The Texas General Land Office (GLO) received federal approval this week to proceed with its plan to take control of $1.2 billion in funding that was given to the City of Houston to help residents impacted by Hurricane Harvey.
The decision by the U.S. Department of Housing and Urban Development to sign off on the Texas GLO’s plan, which comes amidst claims that Houston has not utilized the 3-year-old recovery funds in a timely and efficient manner, could impact at least two multifamily housing projects planned for the Heights and Oak Forest areas, which were set to receive a total of about $20 million from the city in Harvey recovery money.

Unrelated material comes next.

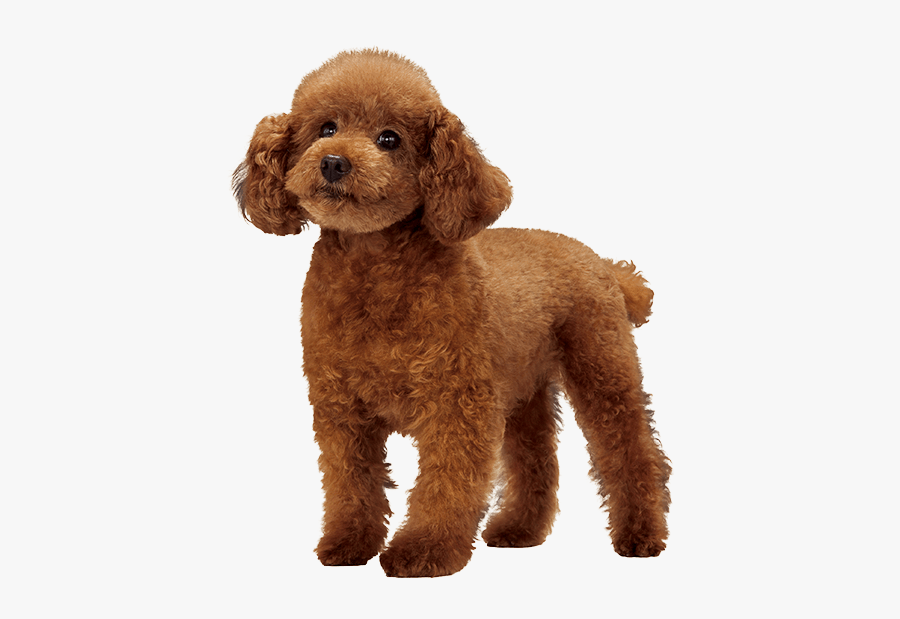 Miniature Poodle Standard Poodle Cockapoo Goldendoodle - Poodle Png, Transparent Clipart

The Houston City Council last month approved a $9.09 million loan to nonprofit Avenue CDC for its Avenue on 34th project, a 70-unit affordable housing complex planned for the site of the former Doyle’s Restaurant on West 34th Street. The city also has pledged about $11 million to help fund the Dian Street Villas, a 108-unit affordable housing project planned near Shady Acres.
“We hope they are willing to proceed with all the multifamily projects, which will provide over $1 billion of safe, resilient, affordable housing for Houston residents,” Houston Mayor Sylvester Turner, referring to the Texas GLO, said in a Tuesday statement. “One is scheduled to close (Wednesday), and this news puts that project and all other projects in jeopardy. Unfortunately, we cannot fund and go forward with these projects without GLO’s confirmation that we can use the funds that have been already reserved for these projects.”

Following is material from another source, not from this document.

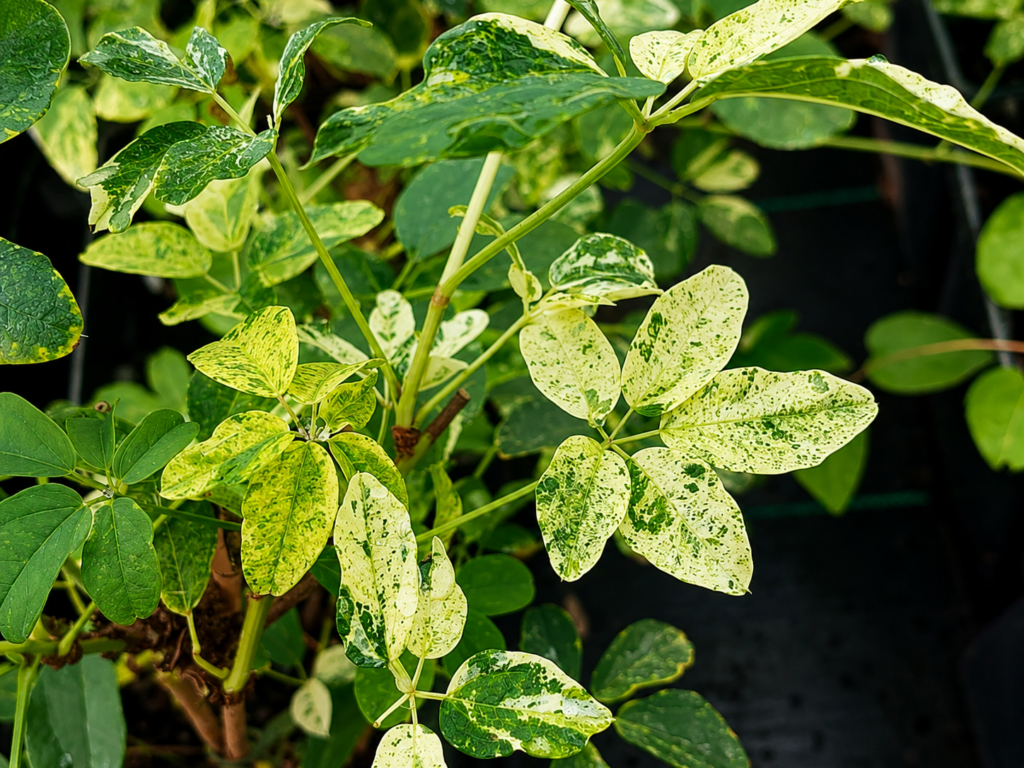 Akébia VARIEGATA, kont.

The Texas GLO’s impending takeover of the Harvey recovery funds is contingent upon the outcome of ongoing litigation with the city, which sued the GLO in July in an attempt to block the takeover. The matter is currently in front of the Texas Supreme Court.
A spokesperson for Avenue CDC said Tuesday that it’s “really too soon to know how this will affect current or future work.” Peter Doyle, who owned Doyle’s Restaurant and the surrounding property, confirmed the property sale to Avenue CDC was finalized last week.
“We are continuing to monitor the situation and remain committed to bringing safe, quality affordable housing to communities where Houston’s working families need it most,” the Avenue CDC spokesperson said.
Texas Inter-Faith Housing executive director Russ Michaels, whose organization is developing the Dian Street Villas, did not respond to a Tuesday text message seeking comment. The project was awarded a federal housing tax credit in July by the Texas Department of Housing and Community Affairs (TDHCA), with the pledged money from the city also expected to be critical to the overall funding of the project.
A TDHCA spokesperson said department staff, while going through the underwriting process, subsequently determined the Dian Street Villas project to be financially infeasible. Upon appeal by the developer, though, the spokesperson said the TDHCA governing board remanded the project application back to staffers and asked them to work with the developer to clarify the financial details of the project.
So the TDHCA spokesperson said the developer remains in line to receive the tax credit award, which is worth $1.5 million annually over a 10-year period.